The recent policy document further solidifies the adoption of this scheme as standard practice for China, clarifying the trajectory of purchases and its continued expansion from the 11-city pilot – dubbed the “4+7 Tender Trial”—inaugurated in 2018.
China wrapped its third round of VBP in December 2020 and soon plans to conclude round four, which targets 41 products by generic name with 90 specifications. With each go, China has expanded the number of drugs up for tendering, these drugs undergoing average price cuts of around 53%-54%.
Increasing Competition, Expanding Tender
Today’s document contains 20 measures across seven areas.
VBP will center on National Reimbursement Drug List (NRDL)-listed drugs with large purchase volume and high purchase value. Eventually, all categories of drugs with clinical need and reliable quality will be purchased through the VBP initiative once they meet an undisclosed quantity or amount. China is even looking to establish a similar mechanism for orphan drugs and medicines experiencing supply shortages.
The document specifies that China will engage in neither protective nor discriminatory practices that could lead to favoritism. As always, the generic name will be used and competition among bidders will drive lower prices. Multiple winners will still be allowed, but any price differences resulting from bidding should be fair and reasonable.
Products that have passed consistency evaluation will not be subject to quality grouping. China intends for drugs of different dosages, packaging, and quantities but with the same efficacy and route of administration to be combined to promote competition and is exploring whether different generic drugs with similar indications or functions can be merged.
Generics that have not been approved in accordance with Generic Quality Consistency Evaluation (GQCE) standards, China’s method to clear and boost domestically-produced generics, cannot be included in combined groups of related medicines if there are already three products in that group that have passed GQCE.
For products that have not been cleared by consistency evaluation, China is exploring whether to establish a comprehensive evaluation system for clinical use based on big data—in principle, no more than two drugs with the same generic name should be grouped.
To further improve VBP, China will verify the base number of drug purchases with medical institution need, figures from previous years, and clinical status. The agreed procurement ratio will be determined according to the purchase amount base and the agreed purchase ratio, with consideration of characteristics of the clinical usage of drugs, market competition, and the number of selected companies who volunteered to participate in the tender. The ratio should be increased to ensure quality and prevent monopolies.
Medical Institution Participation
All medical institutions are encouraged to participate in the national procurement scheme and prioritize the use of medicines acquired this way in hospitals. After all, the proposed number of drugs needed through VBP is based on figures from these institutions.

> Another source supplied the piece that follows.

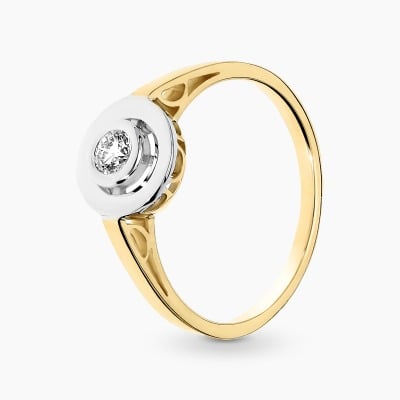 Pierścionek zaręczynowy dwukolorowe złoto 585 z brylantem...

To encourage greater participation in VBP, China will provide 30% of the costs to purchase these drugs upfront through a special fund, and this prepayment will be deducted from reimbursement requests sent to the Basic Medical Insurance (BMI) scheme.
Payments and Accountability
While the program is expanding nationally, China is still looking for ways for institutions to settle payments directly with drugmakers, potentially through electronic settlement centers. Settlement is based on the prevailing price achieved through VBP, particularly competitive tendering. All products, whether the innovator or the generic, will receive the same payment.
The onus for ensuring funds are properly used further falls under the ambit of medical institutions, which are not only required to prioritize the use of VBP-procured medicines as previously mentioned but also to promote rational drug use to assure budget limitations are not breached. These goals will be checked during routine performance appraisals as part of China’s push to improve accountability and quality assurance (QA) measures.
The remaining measures discuss ways to improve the management of VBP, including setting up a regional and national network of procurement mechanisms and task the Shanghai Municipal Pharmaceutical Centralized Bidding and Procurement Affairs Management Office with daily work related to joint-procurement.